-- Opening Marker --

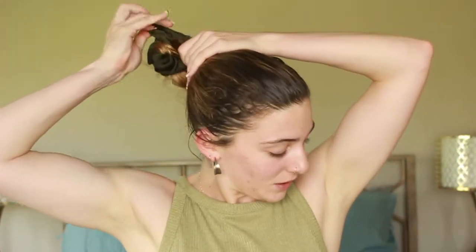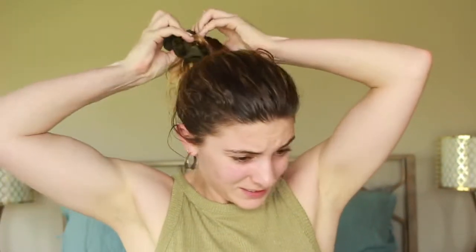I wanted to come on here today and do like the world's quickest tutorial. I just worked out and rinsed off and it is not hair washing day — tomorrow is — so I wanted to do a super fast makeup and fun little hair tutorial with you all today. First off, hair. I want to do it first.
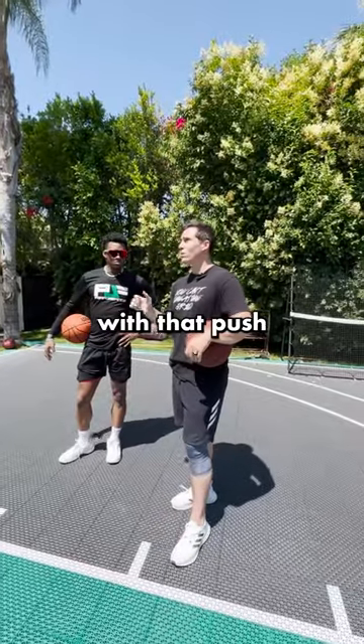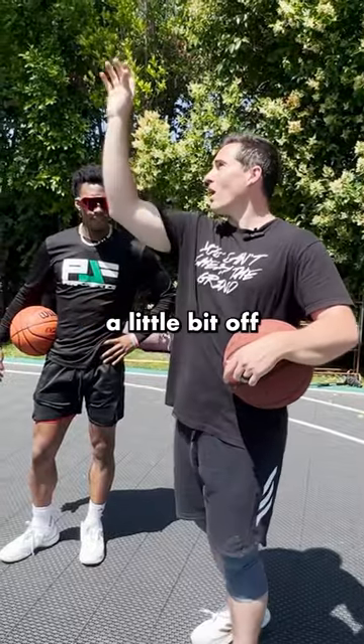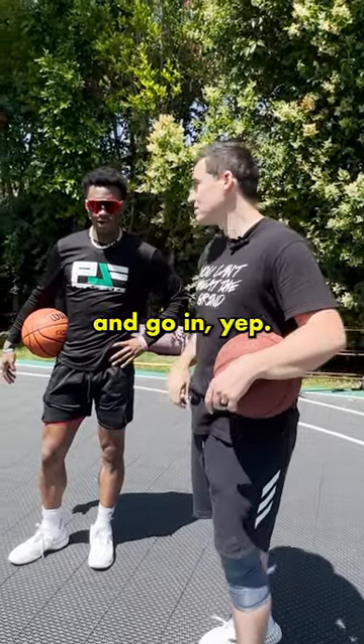With that push, it really sits on the rim — we call it making your misses. So I'm a little bit off, but it's just gonna bounce around the rim and go in. Two points.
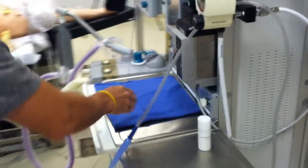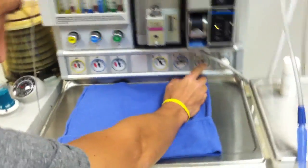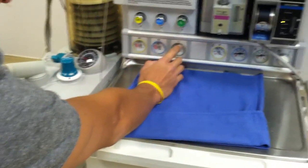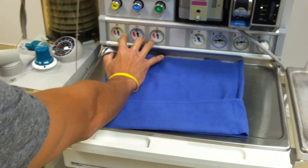Now I'm going to come around here and check my cylinder pressures. Make sure that I have, for oxygen, a minimum of 1000 PSI — we're of course empty here. While I'm here, I'm also going to check my pipeline pressures and make sure that those are all at 50 PSI.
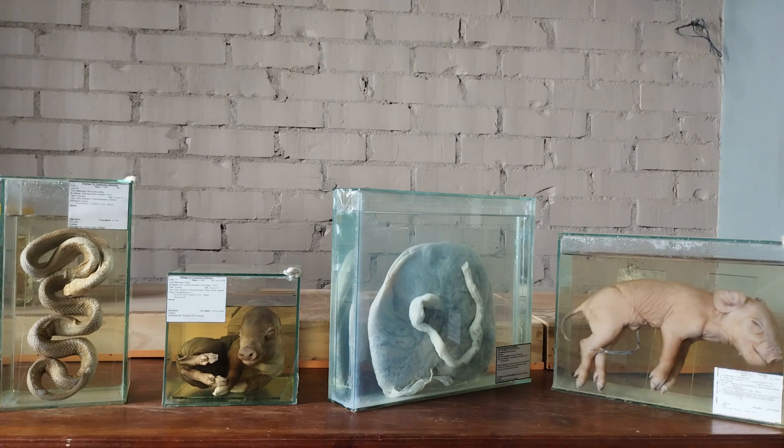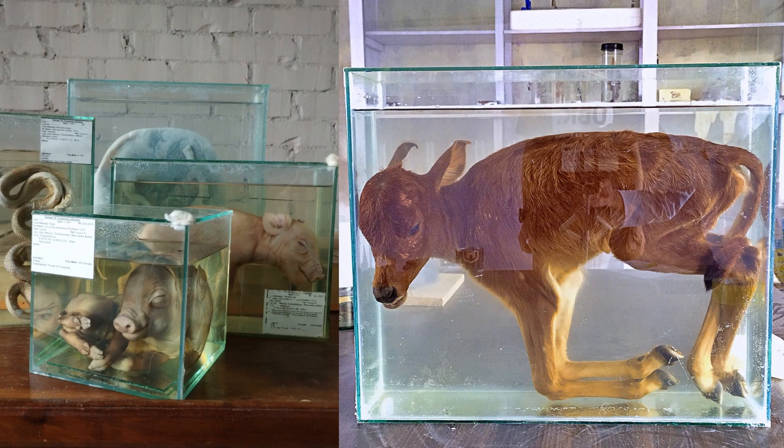And two, size doesn't matter with this type of container, unlike many other commercial specimen jars, because one can always make a fish tank of any size depending upon how big or small the specimen is. As you can see here, I've custom-made and used fish tanks for all sizes. The size of the tank for this newborn calf, for instance, is approximately 70 cm in length by 15 cm width by 50 cm height.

-- Closing Marker --

● **Work to be completed**: Go back to the listing above and reproduce, exactly, the stretch from the line bearing "With that push, it" through the line bearing "Now I'm going", without its pictures.

● **Written reply**:
With that push, it really sits on the rim — we call it making your misses. So I'm a little bit off, but it's just gonna bounce around the rim and go in. Two points.
Now I'm going to come around here and check my cylinder pressures. Make sure that I have, for oxygen, a minimum of 1000 PSI — we're of course empty here. While I'm here, I'm also going to check my pipeline pressures and make sure that those are all at 50 PSI.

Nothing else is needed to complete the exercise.